Data preprocess before training

Before training the models, several data preprocessing steps were conducted to deal with class imbalance and ambiguity in the inactive data. For a few targets, the ratio of the active ligands to the inactive ligands is as large as 1:23,570, indicating that the number of active ligands is considerably smaller than that of the inactive ligands. Because such an imbalance can lead to a significant reduction in the accuracy, two different sampling methods were employed to handle the class imbalance. A negative-undersampling method was used to randomly select only a subset of the inactive ligands until the ratio reaches to a particular value. A positive-oversampling method was used to repeatedly select the active ligands [33]. Because of practicality, the positive-oversampling method was performed by imposing larger weights on the active ligands when trained.

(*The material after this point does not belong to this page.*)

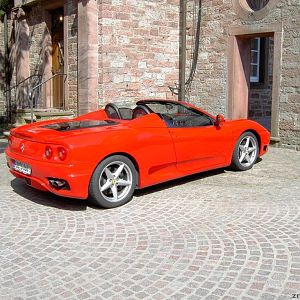 ferrari gemietet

In this study, we employed a common ratio across the targets to avoid overfitting the targets with a large number of active ligands. Defining the inactive ligands is often controversial as the inactive ligands are relatively ambiguous compared to the active ligands. Some ligands without the activity data might be actually active, which should be excluded from the set of inactive ligands. By calculating the Tanimoto coefficient (Tc) similarity between the fingerprints, ligands having similar active data with a particular threshold were excluded from the inactive ligands [29].

Internal cross validation

To validate the performance of the random forest models, prediction performances of the models were evaluated for the training data using a five-fold cross-validation method. 235,713 active ligands across all the targets were divided into five subsets and one subset was set aside as a test set. The rest of the ligands were used as the training data to develop the models followed by the data preprocess. The scores between the test ligands and the target models were calculated. The ligands with scores higher than the score threshold were then predicted as positive labels and the others were predicted negative. First, the performance of each trained model for the test set was assessed using a receiver-operating characteristic (ROC) curve by varying the score threshold from 0 to 1. In addition, the mean score of the active ligands and that of inactive ligands were compared to check whether the two mean values differ significantly. The ratio between mean score of active ligands and mean score of inactive ligands was computed for each target and averaged by five-fold. Finally, the targets were ranked by ordering the 1121 targets based on their score for each ligand. The Recall was calculated, assuming that the top-k values (k = 4, 7, 11, 33, 66, 88, and 110) from the ranked list of targets were predicted as positives [13, 29]. The assessments were then averaged over five different test sets. We built and evaluated various target prediction models by changing the sampling methods, ratio between the numbers of inactive and active ligands, and Tc similarity cutoff for the inactive ligands to determine the optimal parameters. Pearson’s chi-squared test was used to evaluate the statistical significance of the difference among parameters when discriminating between true positives and false negatives for the top-11 threshold.

External validation

Accordingly, a benchmark model using optimized preprocessing method was constructed with the entire training set from ChEMBL version 20. However, an independent validation set was required to evaluate the benchmark model. Hence, we retrieved additional bioactivity data from ChEMBL version 21 and employed them as an external validation set. The external set contains only novel ligands having at least one active target from the target models. The ligands having the same ECFP fingerprints as those in the training set were also removed from the validation set. With the resulting 13,589 external ligands, a score matrix between the validation set and the 1121 target models was obtained. Thereafter, the ROC curve and its area under curve (AUC) value, and the recall for the top-k targets (k = 11 and 33, which corresponds to 1% and 3% of total targets, respectively) were evaluated and compared with the results obtained in other studies.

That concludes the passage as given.